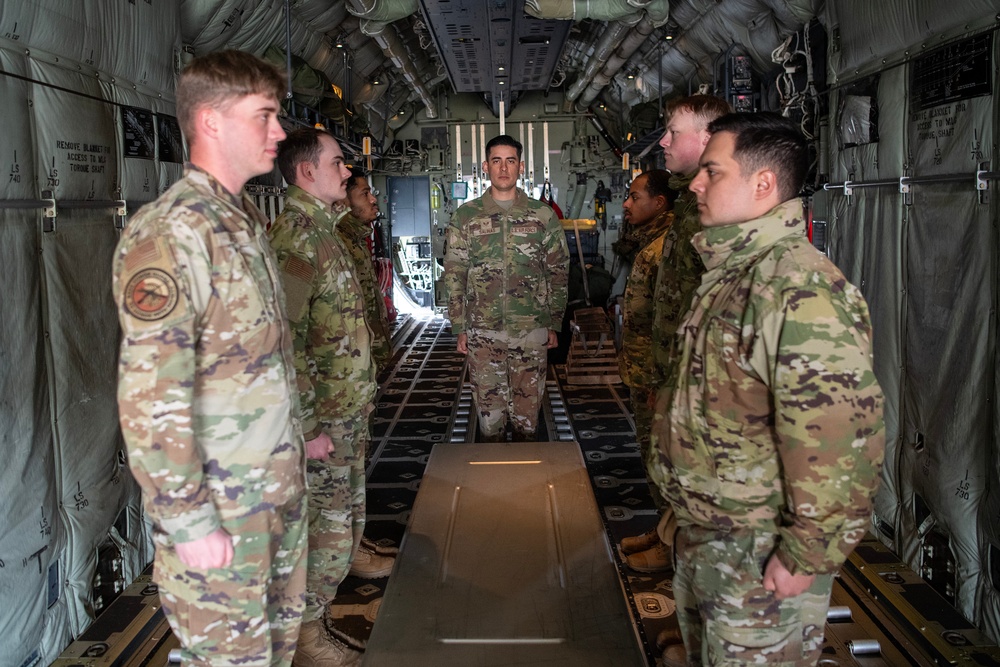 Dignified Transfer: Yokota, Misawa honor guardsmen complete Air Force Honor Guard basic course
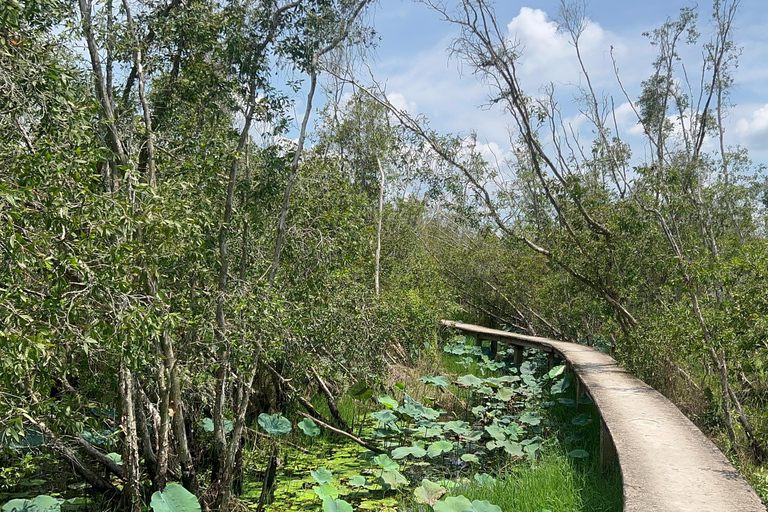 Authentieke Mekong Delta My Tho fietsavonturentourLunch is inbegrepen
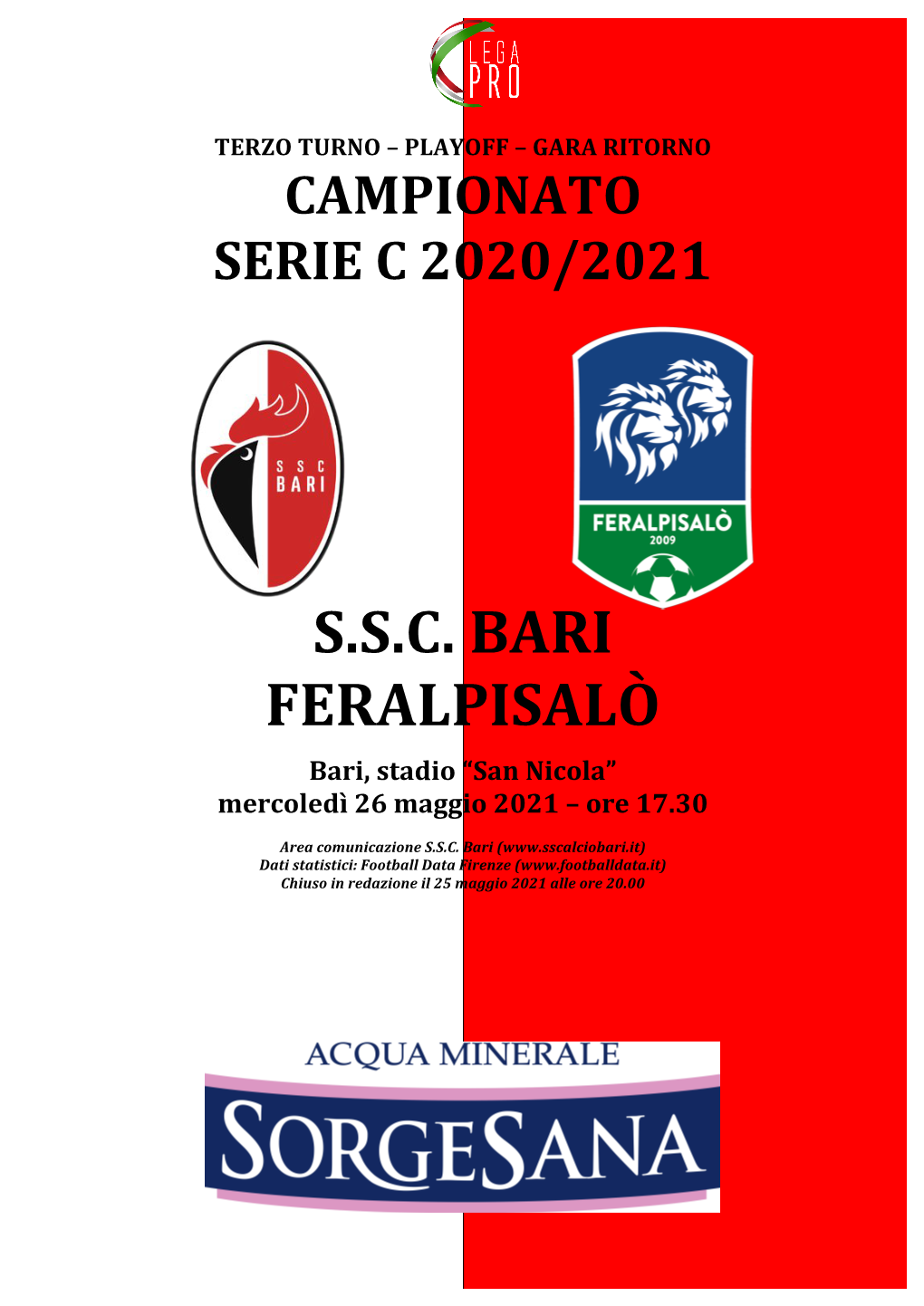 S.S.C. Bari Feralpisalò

——————

Top to bottom, retype the listing exactly but drop every picture.

 Dignified Transfer: Yokota, Misawa honor guardsmen complete Air Force Honor Guard basic course
 Authentieke Mekong Delta My Tho fietsavonturentourLunch is inbegrepen
 S.S.C. Bari Feralpisalò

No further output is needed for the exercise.